L’économie africaine traîne donc à l’heure des conséquences qui s’observent clairement à travers la flambée vertigineuse des prix des produits de grande consommation. Aujourd’hui, la certitude des diverses causes qui ont induit cette flambée éclosent d’elles-mêmes et laissent contrarier aisément l’augmentation des taxes par l’État central, pensée par certains citoyens.

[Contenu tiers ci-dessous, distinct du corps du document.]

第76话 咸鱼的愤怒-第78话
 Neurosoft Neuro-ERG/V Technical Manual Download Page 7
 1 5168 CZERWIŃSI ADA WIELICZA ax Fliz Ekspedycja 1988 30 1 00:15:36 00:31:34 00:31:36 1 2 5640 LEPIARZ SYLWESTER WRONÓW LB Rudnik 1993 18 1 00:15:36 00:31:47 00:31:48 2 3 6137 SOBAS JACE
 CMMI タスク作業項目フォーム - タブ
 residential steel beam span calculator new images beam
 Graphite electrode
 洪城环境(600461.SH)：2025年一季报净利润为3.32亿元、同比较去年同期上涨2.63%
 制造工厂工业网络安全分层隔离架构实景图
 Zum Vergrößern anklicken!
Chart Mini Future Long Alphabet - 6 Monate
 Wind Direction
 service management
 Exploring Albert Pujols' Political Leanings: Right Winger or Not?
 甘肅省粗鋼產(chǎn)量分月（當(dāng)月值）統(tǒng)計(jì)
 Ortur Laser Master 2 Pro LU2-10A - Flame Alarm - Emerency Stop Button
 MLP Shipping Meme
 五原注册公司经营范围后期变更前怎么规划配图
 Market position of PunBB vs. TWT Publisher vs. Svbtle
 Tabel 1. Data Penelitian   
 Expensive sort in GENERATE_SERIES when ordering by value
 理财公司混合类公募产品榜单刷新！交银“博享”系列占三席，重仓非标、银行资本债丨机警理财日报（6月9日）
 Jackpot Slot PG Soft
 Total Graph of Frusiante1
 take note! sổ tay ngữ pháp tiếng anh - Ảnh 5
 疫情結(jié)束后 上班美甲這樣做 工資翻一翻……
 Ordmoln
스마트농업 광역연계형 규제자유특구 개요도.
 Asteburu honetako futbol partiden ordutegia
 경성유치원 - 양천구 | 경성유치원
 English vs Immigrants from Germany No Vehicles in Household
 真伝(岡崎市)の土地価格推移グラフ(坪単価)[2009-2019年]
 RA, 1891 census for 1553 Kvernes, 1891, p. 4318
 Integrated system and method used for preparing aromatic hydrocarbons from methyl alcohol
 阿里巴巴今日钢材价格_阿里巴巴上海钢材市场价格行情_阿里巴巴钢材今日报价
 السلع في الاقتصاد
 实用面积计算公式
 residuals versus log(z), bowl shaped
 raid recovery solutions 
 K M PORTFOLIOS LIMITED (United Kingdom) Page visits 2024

Lorsqu’en février de cette année, la guerre éclata entre la Fédération de Russie et l’Ukraine, personne ne pensait que deux mois plus tard, les conséquences seraient si proches de nous au point de secouer nos ménages.
Le blé utilisé dans les industries béninoises étant selon l’Agence ANADOLU, cent pour cent russe, les difficultés liées donc à son approvisionnement, dans ces deux pays de l’ex-URSS, grands producteurs de ce produit dans le monde, ont provoqué une augmentation des prix du pain et autres produits connexes sur le marché. C’est le même phénomène qui s’observe pour les hydrocarbures et les intrants au plan mondial. Il est important de souligner que les conséquences de cette crise russo-ukrainienne viennent amplifier celles du phénomène COVID encore présentes.
Les perturbations dans la chaîne d’approvisionnement mondiale observées à travers la fermeture des frontières, la hausse des coûts de logistique et du fret maritime ont réduit l’offre face à la courbe ascendante de la demande.
La montée des prix du maïs, des produits provenant du manioc, de l’huile au Bénin s’explique aisément aujourd’hui par le déficit de production dans la filière céréale chez les pays frères comme le Nigeria et le Niger qui viennent s’approvisionner sous toutes les formes sur le marché béninois.
Face à cette situation préoccupante et d’envergure, les États africains ont pris diverses mesures d’urgence pour tenter de contenir la crise.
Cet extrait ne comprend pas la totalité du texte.